The upgrade allows the base stations to be compatible with Frequency Division Duplex LTE technology over the 1800 MHz frequency band, in addition to existing GSM and 3G networks.
An Optus spokesman would not reveal how many base stations were being upgraded as part of the LTE rollout or how many residents it would likely affected.
The Newcastle rollout builds on an existing contract with Huawei, which shoulders much of the responsibility for Optus’ regional 3G mobile networks using .
Optus’ existing 3G network is a mix of 900 MHz equipment from Huawei, in regional areas, and equipment from Nokia Siemens Networks, which holds the majority of responsibility for 3G construction in metropolitan areas.

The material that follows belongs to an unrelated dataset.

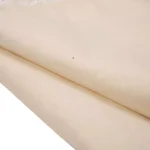 Glitzhome 48 in. White Plush Snowflake Christmas Tree Skirt thumbnail 3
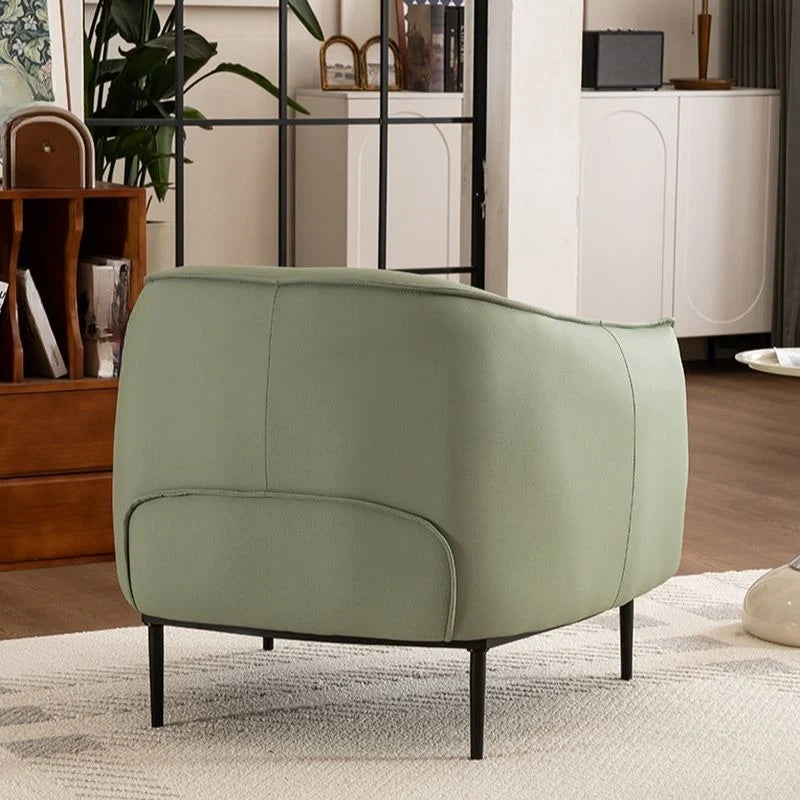 Dash Arm Chair for Lounge Custom Designed to Order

A Huawei spokesperson said the company had helped refarm existing 1800 MHz spectrum in the area to provide LTE services.
Huawei's SingleRAN equipment was also used by Vodafone in its $500 million mobile network expansion - a contract that allowed the Chinese vendor to expand significantly in Australia last year.
“Last year, the company as a whole more than doubled in staff numbers from more than 300 to over 800," Huawei's spokesperson said.
"A number of that have been dedicated to the Optus project.”
National vendor?
But the Newcastle contract has not guaranteed ongoing LTE work between Huawei and Optus.
Sources have suggested that Optus is revising the tender for its national LTE rollout to account for its acquisition of mobile broadband provider vividwireless for $230 million last month.
Perth-based vividwireless used Huawei’s SingleRAN equipment for its WiMAX network in Sydney, Melbourne and Perth, and had signalled intentions to upgrade this to launch its own 4G network using Time Division Duplex LTE technology - as opposed to Optus’ FDD-LTE variant - over 2.3 GHz spectrum.
An Optus spokesman said at the time of the vividwireless acquisition that it would "conduct a review of vividwireless’ operations with a view to identifying efficiencies and synergies with the Optus business".
Pending regulatory approval of the acquisition, Optus is expected to fold vividwireless’ LTE plans into its own network roadmap, creating a hybrid of the two technologies that could be split between metropolitan and regional networks.
It is unclear whether Optus had chosen a national network vendor before the vividwireless acquisition. An Optus spokesman would not comment on when the tender would be finalised.